Settling the query complexity of non-adaptive junta testing, by Xi Chen, Rocco A. Servedio, Li-Yang Tan, Erik Waingarten, and Jinyu Xie (arXiv). Ah, progress on a classic open problem! A function \(f:\{0,1\}^n \to \{0,1\}\) is a \(k\)-junta if it only depends on \(k\) variables. After a long line of work, Blais provided a non-adaptive \(\widetilde{O}(k^{3/2})\) tester and in a separate result of Blais gave an adaptive (ignoring \(\epsilon\) factors) \(\widetilde{O}(k)\) tester. Previous to this paper, the best non-adaptive lower bound was essentially \(\Omega(k)\), ignoring polylog factors. This paper finally provides a matching non-adaptive lower bound of \(\Omega(k^{3/2})\), up to polylog factors! This basically settles the knowledge (adaptive and non-adaptive) of this problem, up to polylogs.
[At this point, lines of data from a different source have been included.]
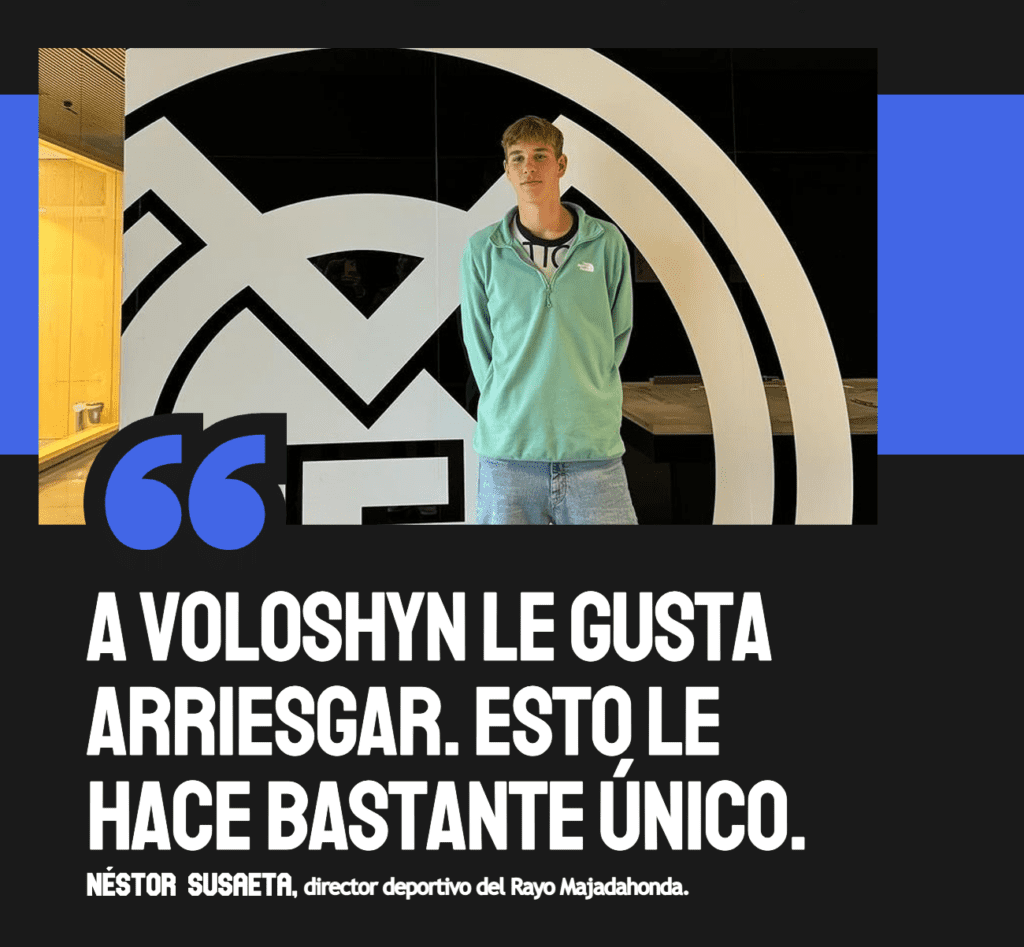 Voloshyn Néstor Susaeta Rayo Majadahonda Real Madrid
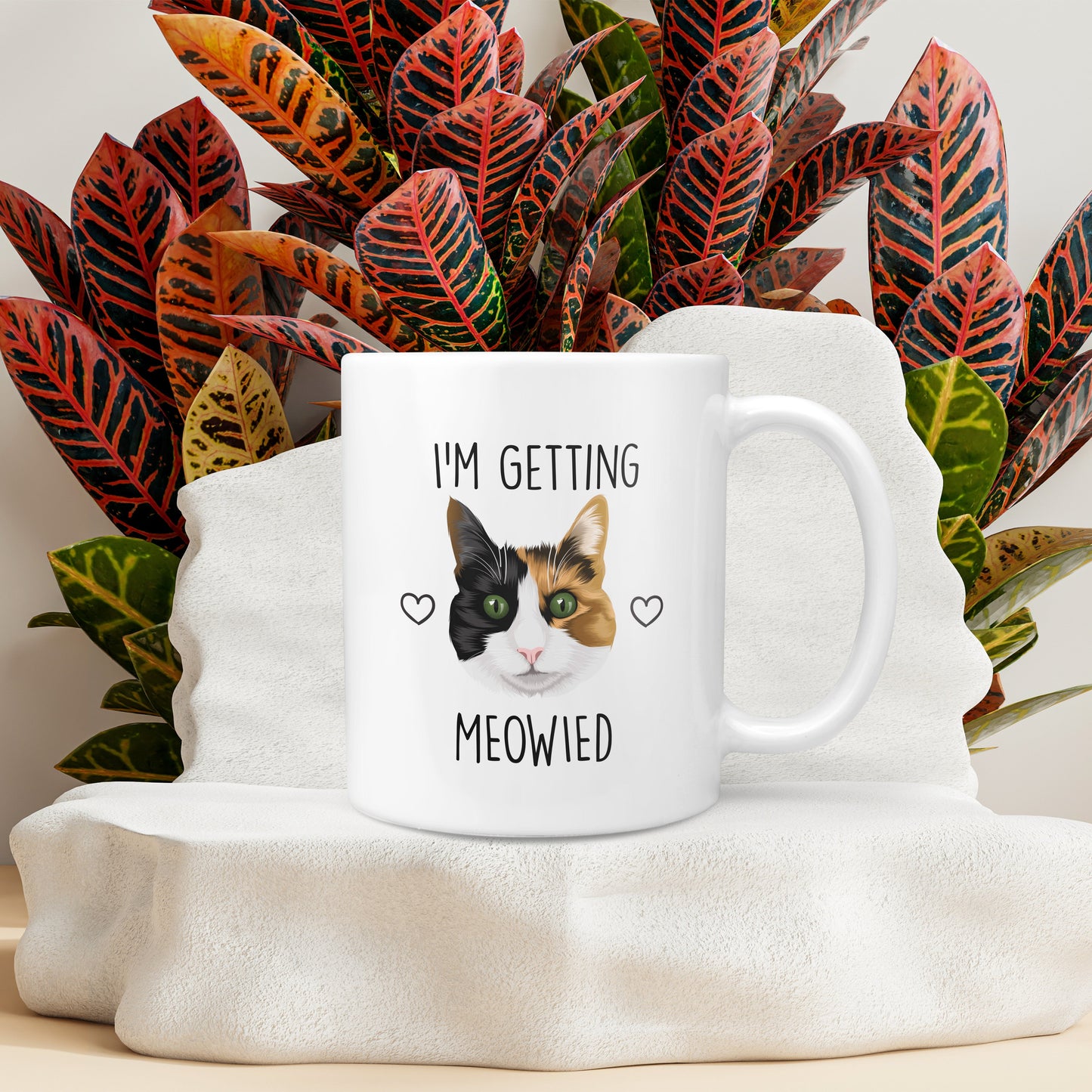 Custom Cat Wedding Mug, Gift for Her, Gift for Him, Handmade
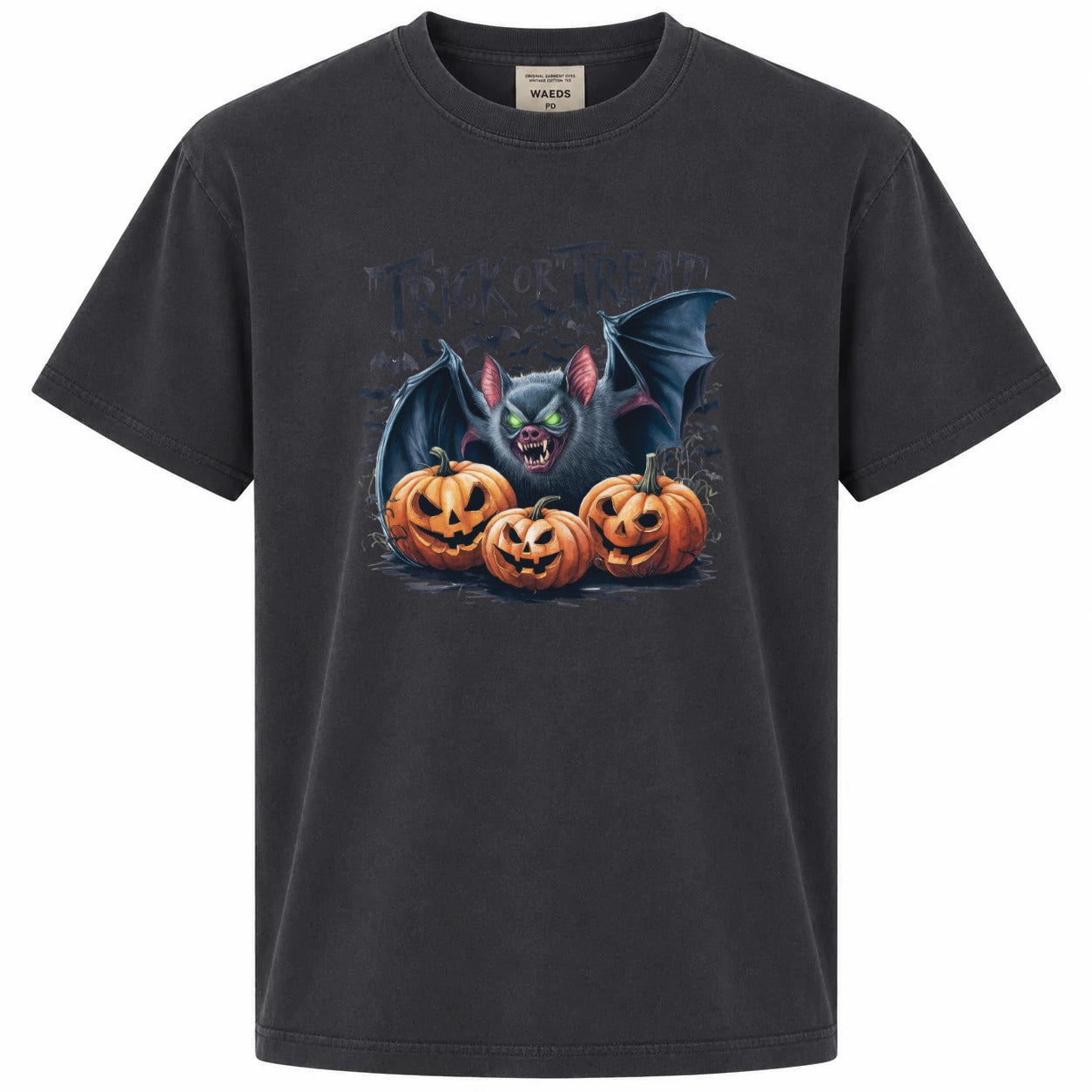Trick or Treat Bat Pumpkin Graphic Tee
An Adaptive Sublinear-Time Block Sparse Fourier Transform, by Volkan Cevher, Michael Kapralov, Jonathan Scarlett, and Amir Zandieh (arXiv).
(We should have caught this when it was first published in Feb 2017, but at least we caught the update!) Consider a vector \(X\) whose Fourier transform we wish to compute. Suppose there are only \(k\) non-zero coefficients (typically, this is what we care about). We can actually compute these coefficients using \(O(k\log n)\) queries, which is strongly sublinear when \(k \ll n\). An important question is when the sample complexity can go below \(k\log n\), which is optimal in general. Often sparsity Fourier coefficients have structure that can be exploited. This paper studies block-sparsity, where all non-zero coefficients occur in \(k_0\) contiguous blocks (in Fourier space) of size \(k_1\). Thus, the total sparsity is \(k = k_0k_1\). This paper designs an algorithm with adaptive query complexity \(O(k_0k_1 + k_0\log n)\), thereby circumventing the \(k\log n\) barrier for \(k_0 \ll k\). Interestingly, the paper gives lower bounds showing that adaptivity is necessary for removing the \(\log n\) factor.
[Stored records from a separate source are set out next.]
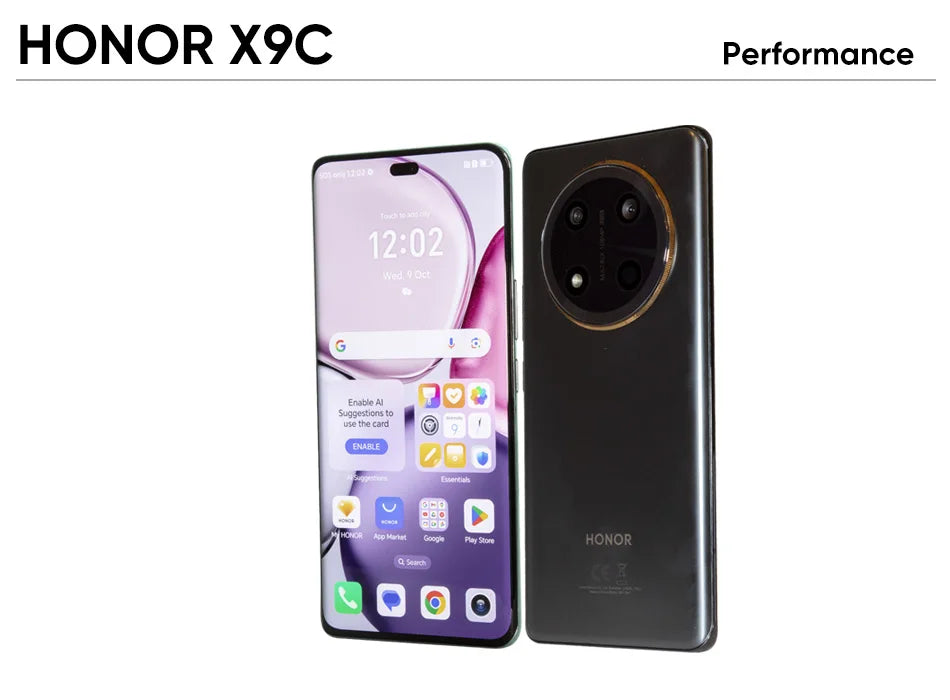 Smartphone HONOR X9c 5G - 12 GB RAM, 256 GB stocare, ecran de 6,78 inci, rată de reîmprospătare de 120 Hz, ecran curbat, cameră principală de 108 MP, sistem triplu de camere, baterie de 6600 mAh, Android 14, conectivitate 5G, dual SIM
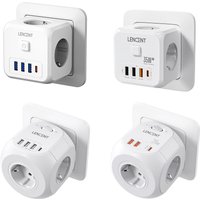 LENCENT USB Sockets dice Without Cable socket EU Socket Adapter Multiple socket EU Outlet Extender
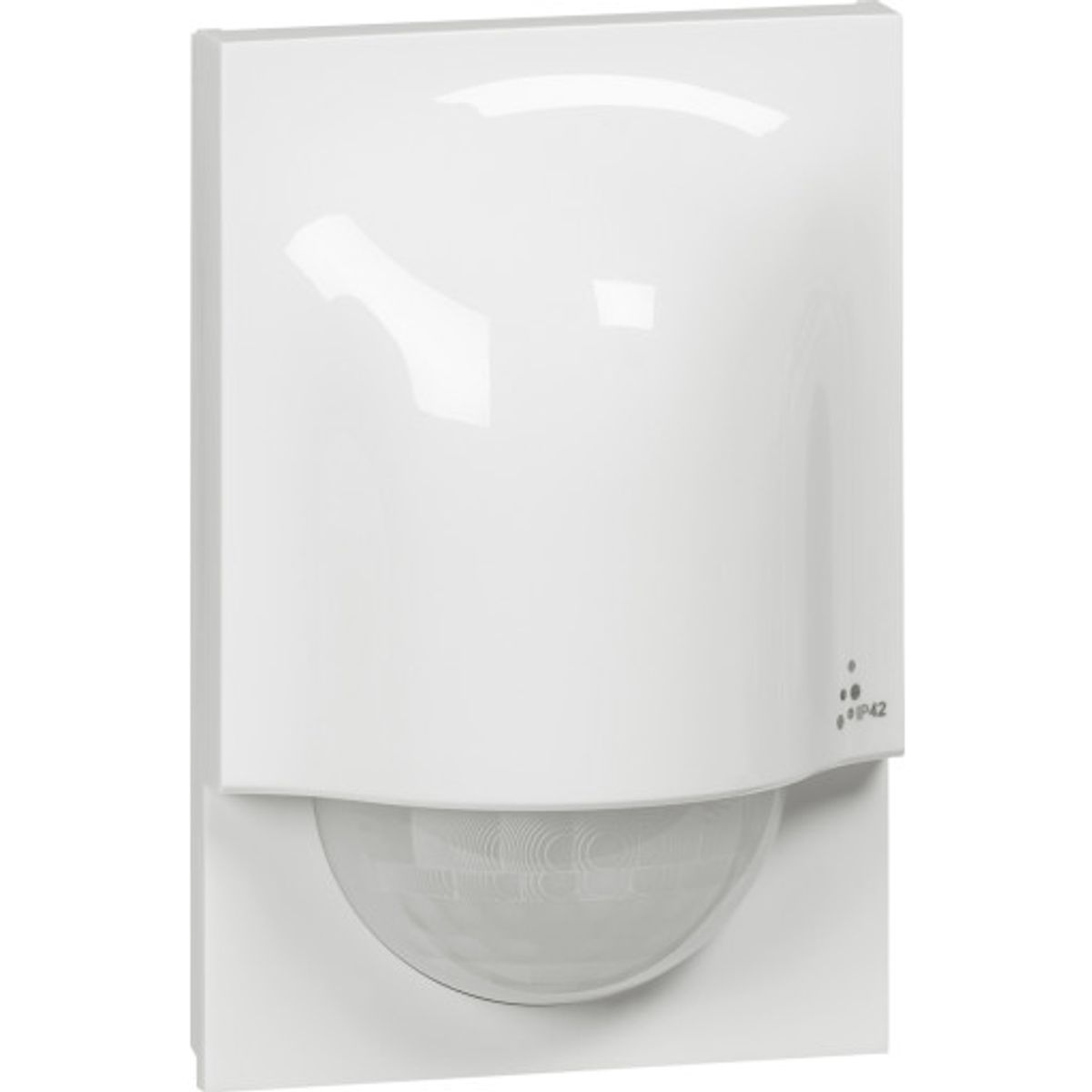 Pir-Sensor rækkevidde 8M, 140°, 230V, 77x48x114 mm, IP41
Sublinear Time Low-Rank Approximation of Positive Semidefinite Matrices, by Cameron Musco and David P. Woodruff (arXiv). Few problems occur as often as computing a low-rank approximation of a matrix \(A\). Formally, one wishes to compute a rank \(k\)-matrix \(B\) such that \(\|A-B\|_F\) is minimized. SVD is the obvious method to do this, but is computationally expensive. There are a number of sampling methods, but all of them require reading all of \(A\). This paper gives a truly sublinear-time algorithm (for small \(k\)) for PSD matrices. Formally, the algorithm presented here requires \(O(n \cdot \mathrm{poly}(k))\) running time, where \(n\) is the dimension size of \(A\). It is well-known from previous work that there exist a subset of \(k\) columns that form a good low-rank approximation. Yet finding them requires reading the whole matrix to compute various sampling strategies. The intuition here is that large entries cannot “hide” in arbitrary locations in a PSD matrix.
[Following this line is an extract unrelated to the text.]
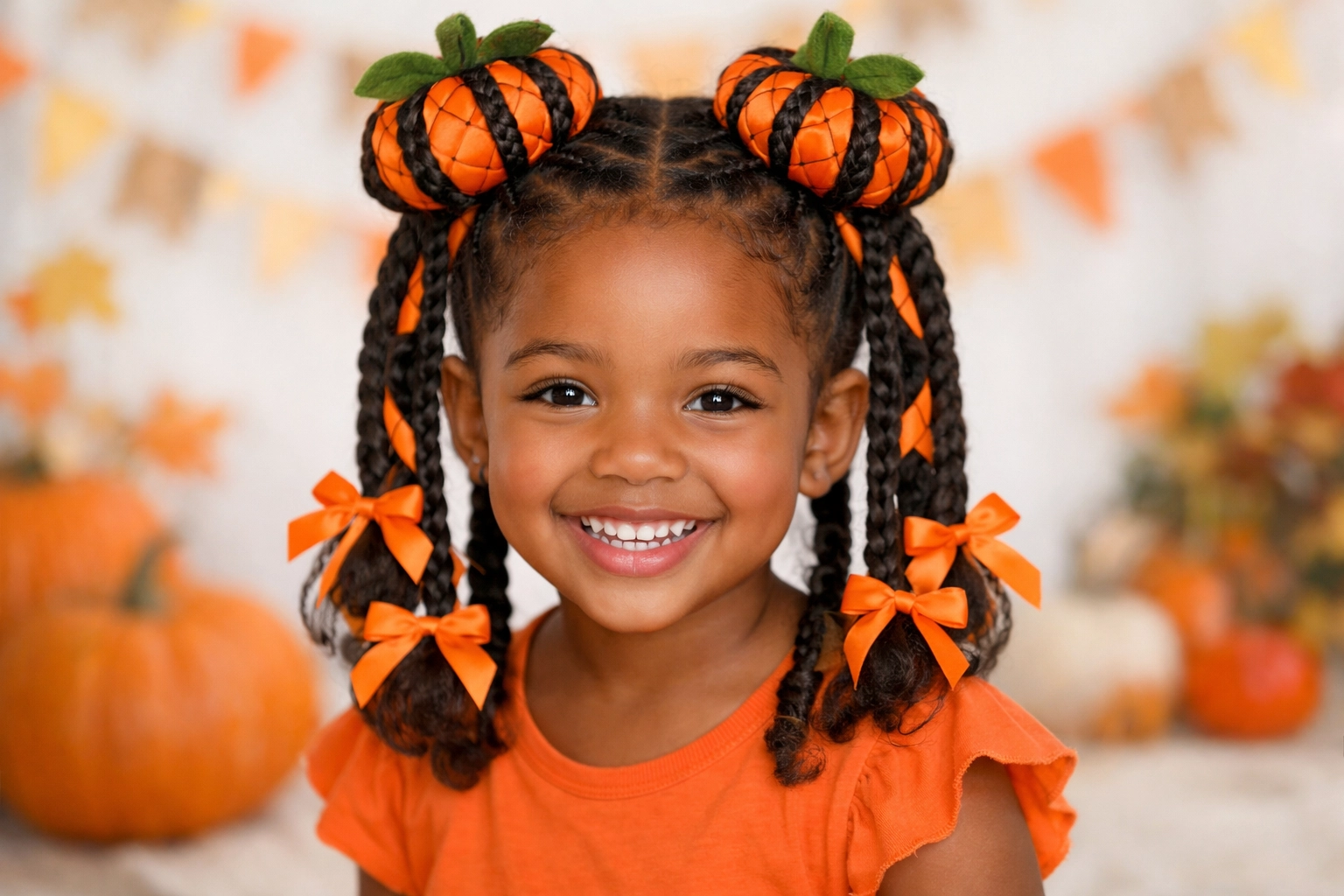 Cute Pumpkin Braids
Testing hereditary properties of ordered graphs and matrices, by Noga Alon, Omri Ben-Eliezer, and Eldar Fischer (arXiv). Classic results by Alon-Shapira and Alon-Fischer-Newman-Shapira have shown that hereditary graph properties are testable in constant time. There is a deep connection between testing such properties and the existence of subgraph removal lemmas. The latter assert that, given some family \(\mathcal{F}\) of forbidden subgraphs, if an \(n\)-vertex graph is \(\epsilon\)-far from being \(\mathcal{F}\)-free, then it must contain \(\delta n^q\) copies of some \(F \in \mathcal{F}\) (where \(F\) has \(q\) vertices, \(\delta\) is a function only of \(\epsilon\)). This paper generalizes these theorems to general matrices over finite domains and ordered edge-colored graphs, where vertices in the graphs have a fixed ordering. Thus, one does not require the symmetry (over isomorphism) of graph properties for testability. These theorems lead to testability results for large classes of properties defined through forbidden substructures.

Removal Lemmas with Polynomial Bounds, by Lior Gishboliner and Asaf Shapira (arXiv). (Paper originally appeared in Nov 2016, but we missed it.) As mentioned above, there is a close connection between property testing of dense graphs and graph removal lemmas. Yet the property testers that result from these lemmas, like the celebrated triangle removal lemma, have terrible tower-like dependences on the parameter \(\epsilon\). When can we get polynomial dependences on \(\epsilon\) (which is called “easy testability”)? This fundamental question is answered in this paper. Consider the case when \(\mathcal{F}\) is finite. If \(\mathcal{F}\) contains a bipartite graph, the complement of a bipartite graph, and a split graph, then there are polynomially bounded graph removal lemmas (and hence easy property testers) for this family. Furthermore, one cannot drop any of these requirements! (A split graph is one where vertices can be partitioned into a set spanning a clique, and a set spanning an independent set.) There are generalizations to infinite families of graphs. An important corollary of this result is a proof of easy testability of semi-algebraic properties. This captures properties of graphs where vertices are points in Euclidean space and edges are present when the points satisfy some polynomial constraint (in the coordinates).

News for January 2017

2017 starts off rather slow for property testing. Though, we have an intriguing paper to report – an experimental analysis of a classic sublinear algorithm.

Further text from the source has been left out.